# Bodymax Adjustable dumbbells 2 year hands on



## homeshredded (Jul 4, 2016)

Hey guys,

Long time lurker of the forums but finally a member! I've been using these board for years for info and advice and thought I'd finally give something back. I know there's always a lot of debate online about the mechanical adjustable dumbbells. I picked up a pair of the bodymax ones 2 years ago and they turned out to be one of the best pieces of equipment I've ever owned.

I wanted to share with you all my in-depth video review. I'm sure there's people out there thinking about buying a pair or still trying to make up there mind. What made me go for the Bodymax in the end was the metal plates.

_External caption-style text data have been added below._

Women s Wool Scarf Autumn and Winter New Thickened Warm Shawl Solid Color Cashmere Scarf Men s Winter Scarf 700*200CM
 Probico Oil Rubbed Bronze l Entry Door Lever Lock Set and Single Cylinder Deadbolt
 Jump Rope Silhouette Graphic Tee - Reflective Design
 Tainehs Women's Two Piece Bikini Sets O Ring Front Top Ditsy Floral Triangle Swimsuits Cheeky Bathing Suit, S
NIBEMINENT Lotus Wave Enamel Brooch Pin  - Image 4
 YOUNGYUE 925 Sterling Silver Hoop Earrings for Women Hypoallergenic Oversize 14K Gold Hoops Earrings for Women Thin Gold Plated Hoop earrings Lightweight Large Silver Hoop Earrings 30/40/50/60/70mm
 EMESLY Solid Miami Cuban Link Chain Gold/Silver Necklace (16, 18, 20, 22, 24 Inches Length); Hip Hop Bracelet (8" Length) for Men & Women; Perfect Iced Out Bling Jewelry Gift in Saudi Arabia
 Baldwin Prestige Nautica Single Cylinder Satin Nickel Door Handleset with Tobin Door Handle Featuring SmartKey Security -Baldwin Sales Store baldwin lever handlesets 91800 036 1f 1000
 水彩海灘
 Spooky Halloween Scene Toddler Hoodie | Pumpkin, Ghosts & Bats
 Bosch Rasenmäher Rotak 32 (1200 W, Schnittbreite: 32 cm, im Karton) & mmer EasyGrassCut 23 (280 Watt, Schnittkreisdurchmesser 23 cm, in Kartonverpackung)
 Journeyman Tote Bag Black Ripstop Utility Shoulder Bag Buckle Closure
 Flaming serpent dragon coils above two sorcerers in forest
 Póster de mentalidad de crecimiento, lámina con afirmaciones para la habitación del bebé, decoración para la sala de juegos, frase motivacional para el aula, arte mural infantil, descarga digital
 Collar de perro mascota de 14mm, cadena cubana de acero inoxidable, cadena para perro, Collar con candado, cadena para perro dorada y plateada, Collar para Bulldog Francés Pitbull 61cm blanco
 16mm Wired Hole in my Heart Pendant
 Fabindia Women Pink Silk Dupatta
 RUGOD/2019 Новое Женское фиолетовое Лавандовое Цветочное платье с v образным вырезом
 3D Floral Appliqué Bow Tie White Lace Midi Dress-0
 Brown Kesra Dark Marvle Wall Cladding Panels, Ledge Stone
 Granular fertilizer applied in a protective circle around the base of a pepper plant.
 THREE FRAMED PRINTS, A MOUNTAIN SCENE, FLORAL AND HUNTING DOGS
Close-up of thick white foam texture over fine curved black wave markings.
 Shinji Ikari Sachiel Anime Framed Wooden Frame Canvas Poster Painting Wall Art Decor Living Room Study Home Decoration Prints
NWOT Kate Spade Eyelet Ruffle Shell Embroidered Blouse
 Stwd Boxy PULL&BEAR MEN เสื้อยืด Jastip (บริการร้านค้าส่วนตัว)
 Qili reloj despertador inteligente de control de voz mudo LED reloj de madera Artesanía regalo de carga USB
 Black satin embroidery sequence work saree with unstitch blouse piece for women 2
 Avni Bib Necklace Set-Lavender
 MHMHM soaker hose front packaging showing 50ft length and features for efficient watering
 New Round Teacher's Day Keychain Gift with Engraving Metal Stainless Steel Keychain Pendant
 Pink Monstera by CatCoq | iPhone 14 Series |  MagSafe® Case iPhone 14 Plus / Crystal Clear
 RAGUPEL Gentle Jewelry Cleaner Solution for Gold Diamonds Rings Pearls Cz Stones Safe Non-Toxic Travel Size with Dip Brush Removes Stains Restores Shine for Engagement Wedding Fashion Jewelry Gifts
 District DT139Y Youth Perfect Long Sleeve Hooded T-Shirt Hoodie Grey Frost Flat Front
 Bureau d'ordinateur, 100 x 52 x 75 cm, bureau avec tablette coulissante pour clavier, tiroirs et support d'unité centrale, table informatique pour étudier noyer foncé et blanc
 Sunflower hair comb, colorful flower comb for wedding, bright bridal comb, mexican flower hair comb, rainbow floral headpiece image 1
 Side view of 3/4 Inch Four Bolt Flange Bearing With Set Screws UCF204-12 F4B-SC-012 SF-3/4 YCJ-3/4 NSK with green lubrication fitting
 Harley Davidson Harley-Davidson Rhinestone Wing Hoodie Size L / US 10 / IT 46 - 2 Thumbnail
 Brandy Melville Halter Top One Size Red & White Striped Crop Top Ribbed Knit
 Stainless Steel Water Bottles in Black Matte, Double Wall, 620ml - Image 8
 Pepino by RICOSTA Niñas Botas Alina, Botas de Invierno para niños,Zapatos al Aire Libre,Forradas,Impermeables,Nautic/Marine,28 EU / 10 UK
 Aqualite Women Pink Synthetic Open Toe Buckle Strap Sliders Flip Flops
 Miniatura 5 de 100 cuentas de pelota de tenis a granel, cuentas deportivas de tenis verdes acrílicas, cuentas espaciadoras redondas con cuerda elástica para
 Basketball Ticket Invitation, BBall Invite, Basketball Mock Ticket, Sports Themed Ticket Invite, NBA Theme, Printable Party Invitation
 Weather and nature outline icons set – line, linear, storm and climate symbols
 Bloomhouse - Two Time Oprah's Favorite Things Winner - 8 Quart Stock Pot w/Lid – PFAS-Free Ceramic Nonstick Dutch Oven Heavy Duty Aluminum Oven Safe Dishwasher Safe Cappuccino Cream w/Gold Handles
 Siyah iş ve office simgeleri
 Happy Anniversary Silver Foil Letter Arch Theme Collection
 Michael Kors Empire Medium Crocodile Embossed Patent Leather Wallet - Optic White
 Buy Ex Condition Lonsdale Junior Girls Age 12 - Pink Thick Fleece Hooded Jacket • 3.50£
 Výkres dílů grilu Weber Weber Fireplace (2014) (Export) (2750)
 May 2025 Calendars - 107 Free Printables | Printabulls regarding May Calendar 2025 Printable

So what do you guys think about adjustable dumbbells? Anyone else got a pair of these?


----------



## John. (Jun 24, 2013)

Would love a set, but they are just so freaking expensive. Could easily pay £4-500 for a set with decent weight.

Which seems steep bearing in mind I paid only a bit more than that for an entire power cage, bench, weights, bars,, the lot setup.


----------



## Vinny (Nov 18, 2012)

John. said:


> Would love a set, but they are just so freaking expensive. Could easily pay £4-500 for a set with decent weight.
> 
> Which seems steep bearing in mind I paid only a bit more than that for an entire power cage, bench, weights, bars,, the lot setup.


 I'm the same mate, got a proper set up with power rack, bench, barbell and weights etc and these would top it off nicely, Ive been keeping my eyes on ebay for them haha.


----------



## John. (Jun 24, 2013)

Only 32kg, but good price: http://www.ebay.co.uk/itm/Adjustable-Bodymax-York-Selectabell-Dumbbells-5-to-32kg-/291836530443?hash=item43f2d00f0b:g:7MgAAOSwExJXolFy


----------



## Vinny (Nov 18, 2012)

Yeah theyre the ones I was looking at, but haven't got the money at the moment, in the middle of purchasing a Bodymax CF820 lol.


----------